In a survey of top independent builders, we found that there are four primary drivers behind their interest in independent work:
- Autonomy. The opportunity to control their work schedule and environment appeals to many tech workers' desire for work/life balance.
- Professional growth. Working on different projects with different teams offers an enriching professional experience and broadens skill sets.
- Meaningful work. The ability to choose projects based on personal interest leads to more fulfilling work.
- Financial opportunities. Fractional work often comes with competitive pay, making it an attractive option.
"Freelancing unlocked something big," says Anthony Spadafino, a product manager on the A.Team network and founder of Lingostar.ai. "Now I have the ability to make my own schedule and shift my energy to where it's most needed on any given day. I get both the financial cushion and increased flexibility."
Fractional talent presents us with a unique opportunity—to redefine how we think about the way companies are structured. Instead of seeing work as headcount in departments, we begin with the desired outcomes and the ideal team composition to achieve them.

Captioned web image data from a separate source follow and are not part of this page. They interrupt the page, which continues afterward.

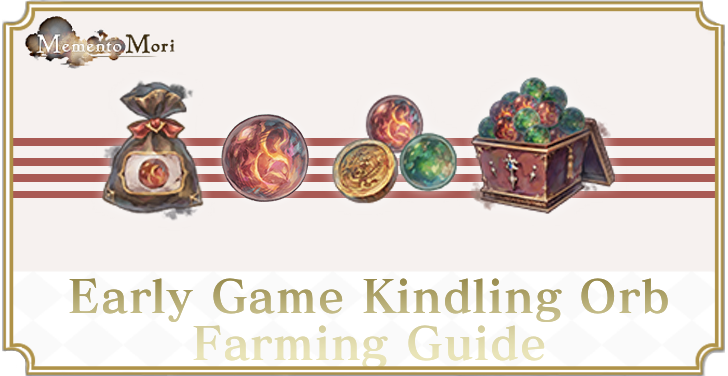 Early Game Kindling Orb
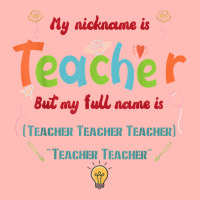 My Nickname Is Teacher But My Full Name Is Teacher T Shirt Urban Heavy T-shirt | Artistshot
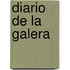 Diario de La Galera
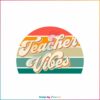 teacher-vibes-vintage-svg-teacher-life-svg-digital-cricut-file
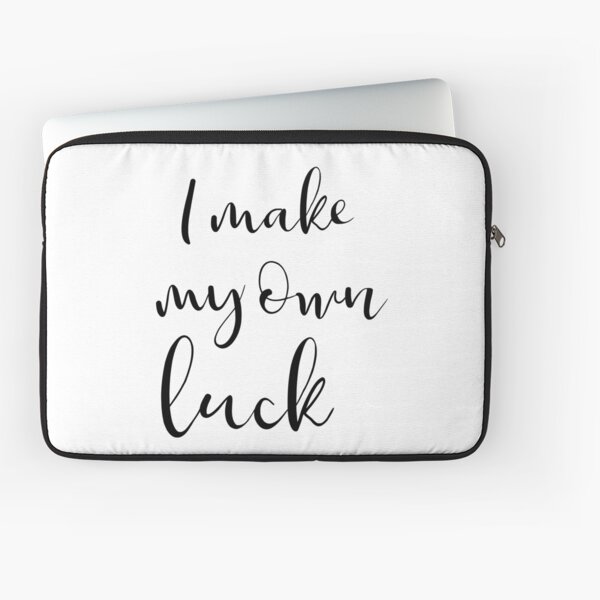 I make my own luck Laptop Sleeve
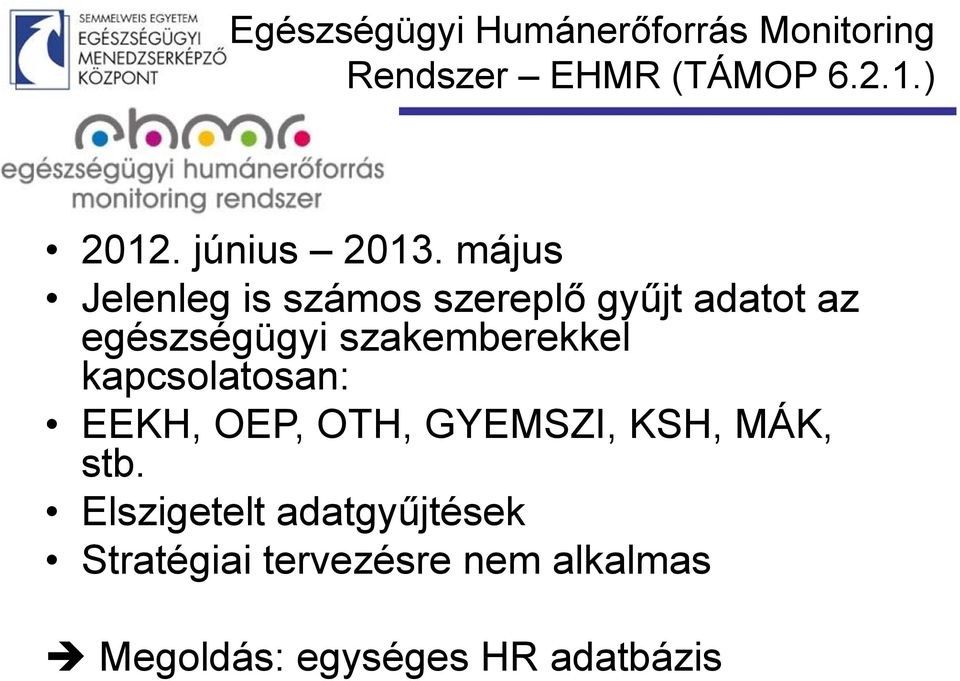 május Jelenleg is számos szereplő gyűjt adatot az egészségügyi szakemberekkel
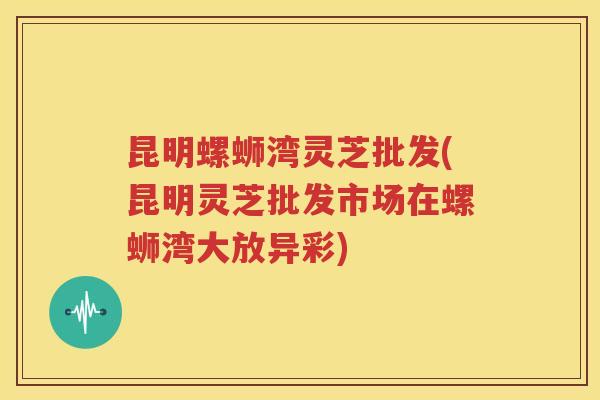 昆明螺蛳湾灵芝批发(昆明灵芝批发市场在螺蛳湾大放异彩)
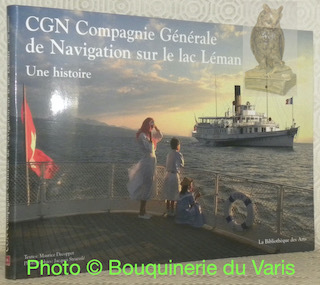 CGN Compagnie Générale de Navigation sur le lac Léman. Une …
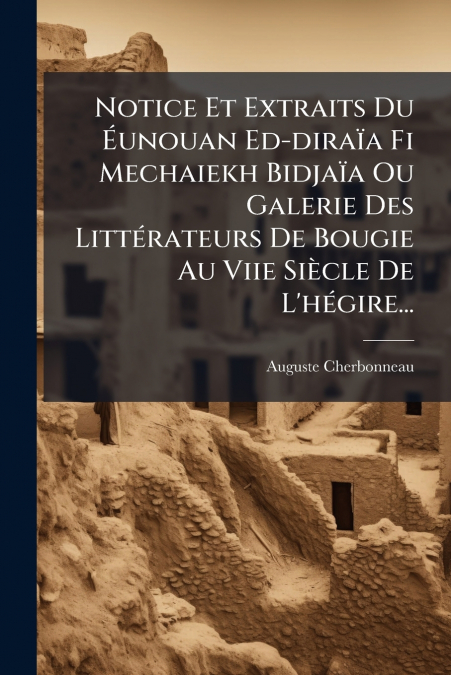 Notice Et Extraits Du Éunouan Ed-diraïa Fi Mechaiekh Bidjaïa Ou Galerie Des Littérateurs De Bougie Au Viie Siècle De L’hégire...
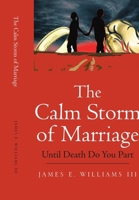 The Calm Storm of Marriage: Until Death Do You Part 1465385010 Book Cover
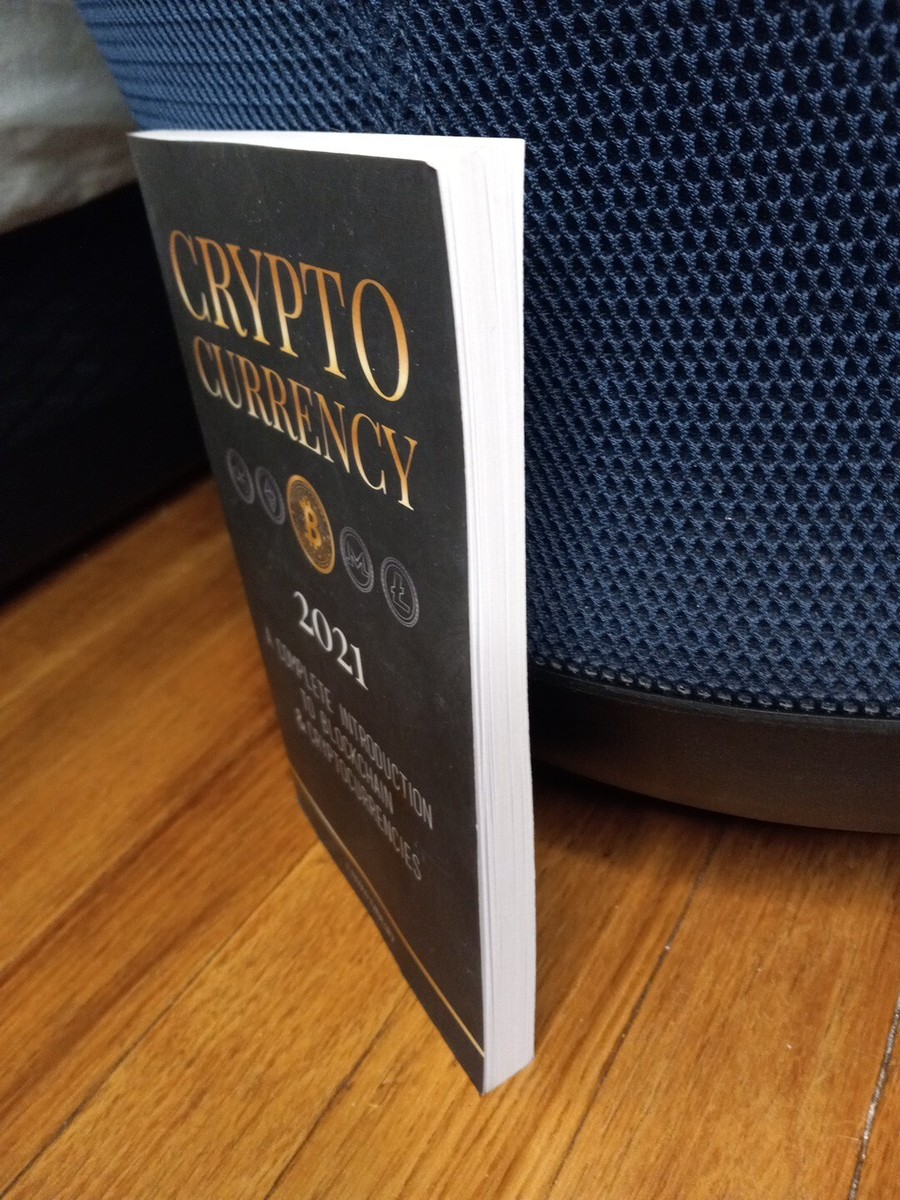 Cryptocurrency A Complete Introduction to Blockchain & Cryptocurrencies SC  Book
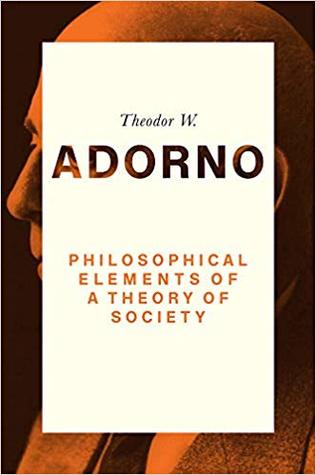 Read Philosophical Elements of a Theory of Society - Theodor W. Adorno | ePub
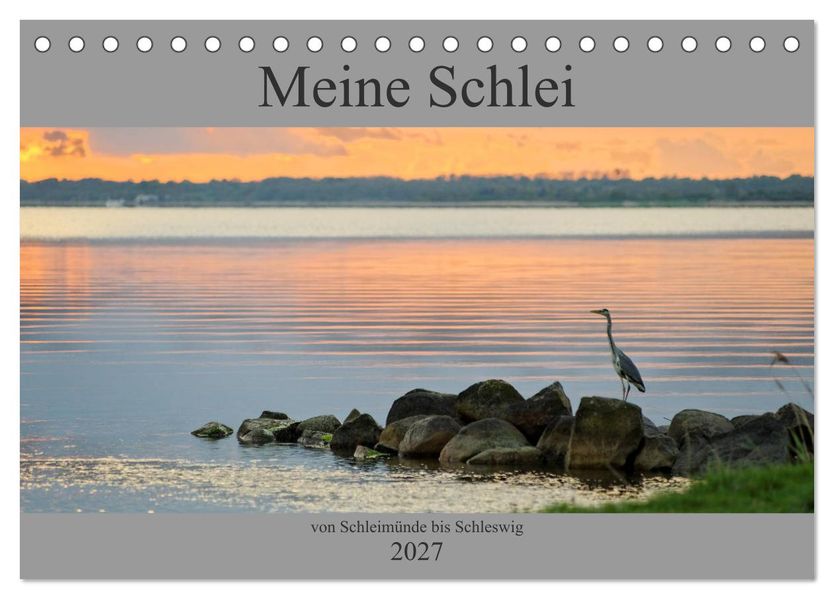 Meine Schlei 2027 (Tischkalender 2027 DIN A5 quer) CALVENDO Monatskalender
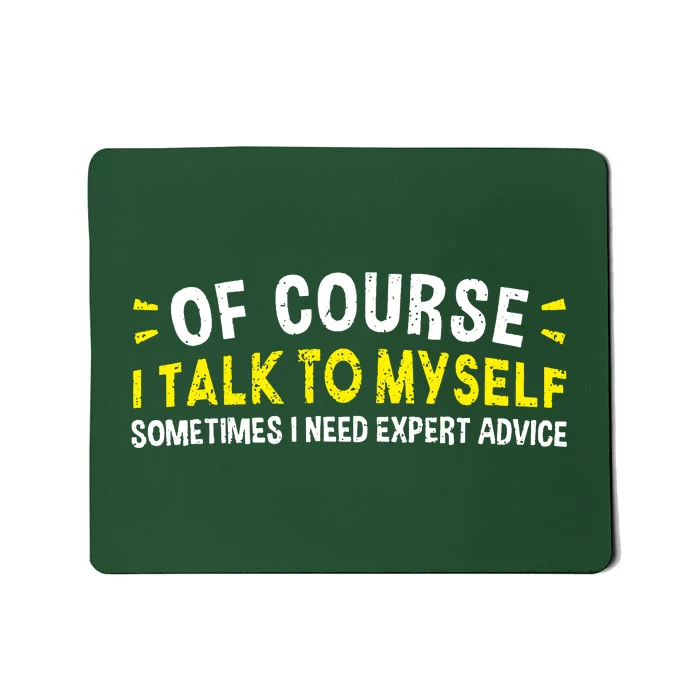 Of Course I Talk To Myself Sometimes I Need Expert Advice Mousepad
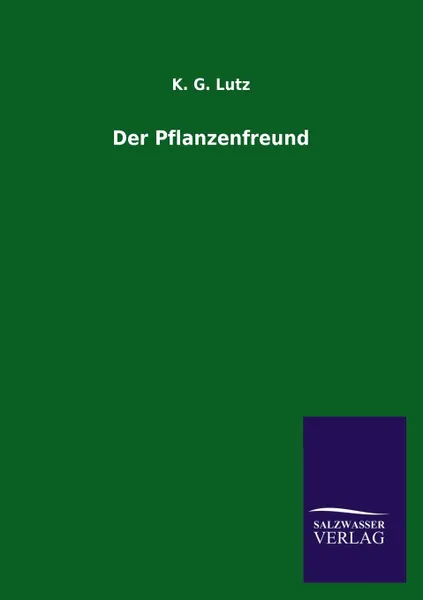 Обложка книги Der Pflanzenfreund, K. G. Lutz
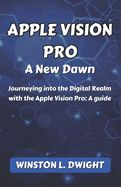 Apple Vision Pro: A New Dawn: Journeying into the Digital Realm with the Apple Vision Pro: A guide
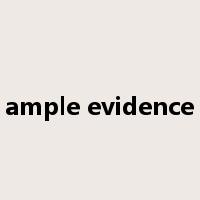 ample evidence是什么意思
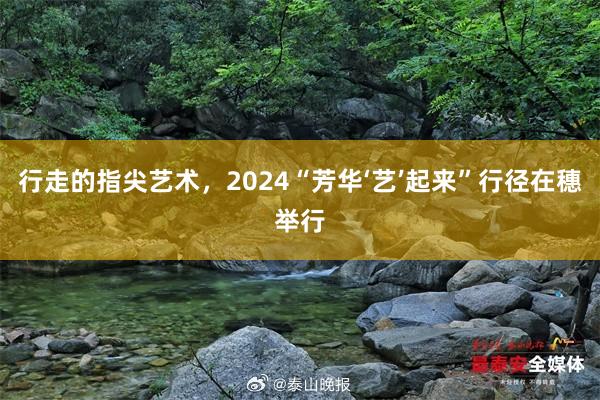 行走的指尖艺术，2024“芳华‘艺’起来”行径在穗举行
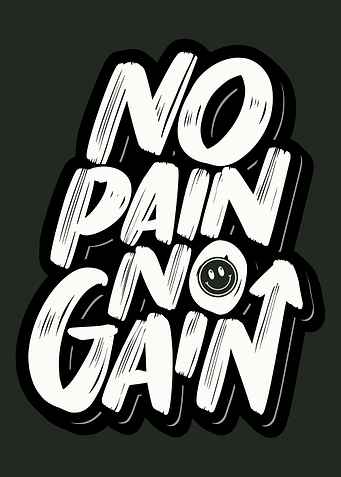 No Pain No Gain Graphic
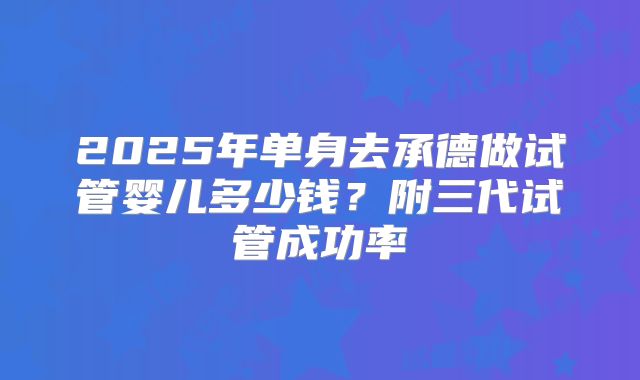 2025年单身去承德做试管婴儿多少钱?附三代试管成功率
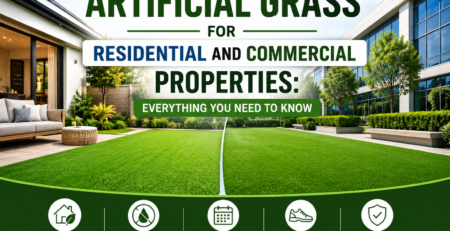Artificial Grass for Residential and Commercial Properties: Everything You Need to Know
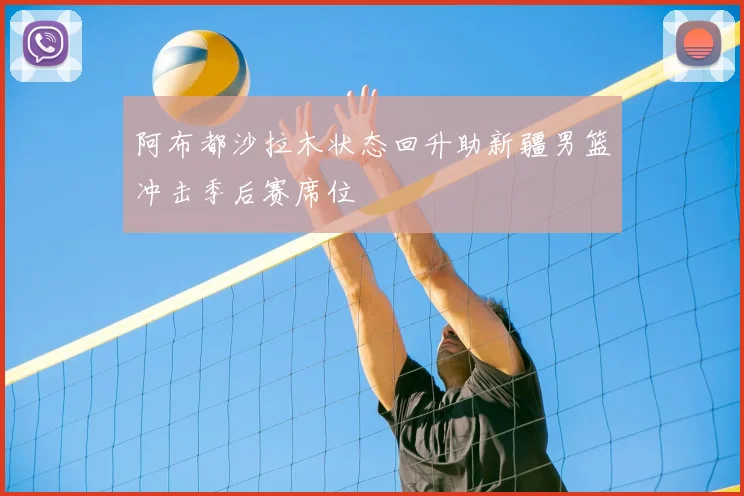 阿布都沙拉木状态回升助新疆男篮冲击季后赛席位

That means a workforce can plug in new expertise quickly. Companies such as Lyft, HCA and PepsiCo have tapped our company for this precise reason—not just executing on specific initiatives, but building tech capabilities in their organization so that, over time, they can experiment and iterate.
Now you can start new initiatives with smaller proton and neutron teams that can add electrons as needed to scale based on the learnings on the ground and the changes in the market—and do so at speed.
This journey with A.Team has revealed to me a future where companies are leaner and faster, focused not on the number of people, but on the collective skills, experiences and diversity they bring to the table. And where the next generation of product builders can choose their work with autonomy and build meaningful careers.
| Raphael Ouzan is founder and CEO of A.Team, a team formation platform that enables tech leaders to assemble and manage cloud-based teams.